This mechanism is called the data integrity field (DIF), as shown in Figure 3, and represents an 8-byte trailer that includes a cyclic redundancy check (CRC) over the block of data, a reference tag (typically a portion of the logical block addressing [LBA]), and an application tag that the application defines. The reference tag is useful for catching mis-writes of data to an incorrect block, where the application tag can be used to catch other errors in the software stack. For example, if a PDF document is written, the application tag could be set to a value indicating a special PDF tag. When the PDF is read, each block's application tag can be inspected to ensure that all specify the PDF tag. DIF is supported within Linux as of kernel version 2.6.27.
Figure 3. DIF structure for a 512-byte sector
Growing support for SSDs
The introduction of SSDs is changing the storage ecosystem in a number of ways. These disks remove some of the large latencies found in spinning disks and therefore provide a way to maintain data flow to and from the CPU. But SSDs are different from hard disk drives (HDDs) in that they are consumable. The storage within an SSD can be written a finite number of times (depending on the technology); therefore, it's important to be as efficient as possible when writing data. To make matters worse, the SSD must internally shift data to minimize the introduction of errors in a process called garbage collection or wear-leveling. This process results in writes to the consumable storage and should therefore be minimized.
Another issue with SSDs and traditional storage is that an HDD didn't care whether data on disk was valid. If the file system invalidated the data, the data could remain on disk without any downside. This constraint does not exist with SSDs because of the wear-leveling requirement. For this reason, Linux now supports the ability of the file system to communicate discarded blocks to the SSD (as of kernel version 2.6.29). This ability allows the SSD to remove these blocks from wear-leveling processes and helps to increase the endurance of the drive.

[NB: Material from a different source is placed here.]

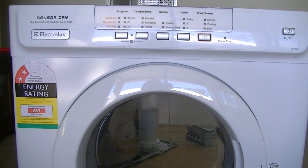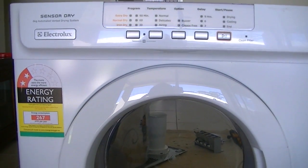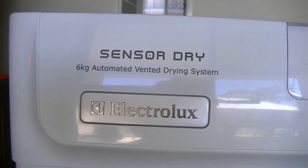Hey Silver Bull fans, welcome back to Silver Bull channel. Don't you love having a product that has a one-year warranty and it creaks out just after one year? Hence why I've opened the thing up.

What truly sets Linux apart from other operating systems is its vast library of file systems. In Linux, you can find traditional client file systems like the third extended file system (ext3) and the fourth extended file system (ext4), but you'll also find the state of the art in distributed file systems, cluster file systems, and parallel file systems. You can find new, cutting-edge file systems based around new ideas and addressing new problems in the storage domain, as well.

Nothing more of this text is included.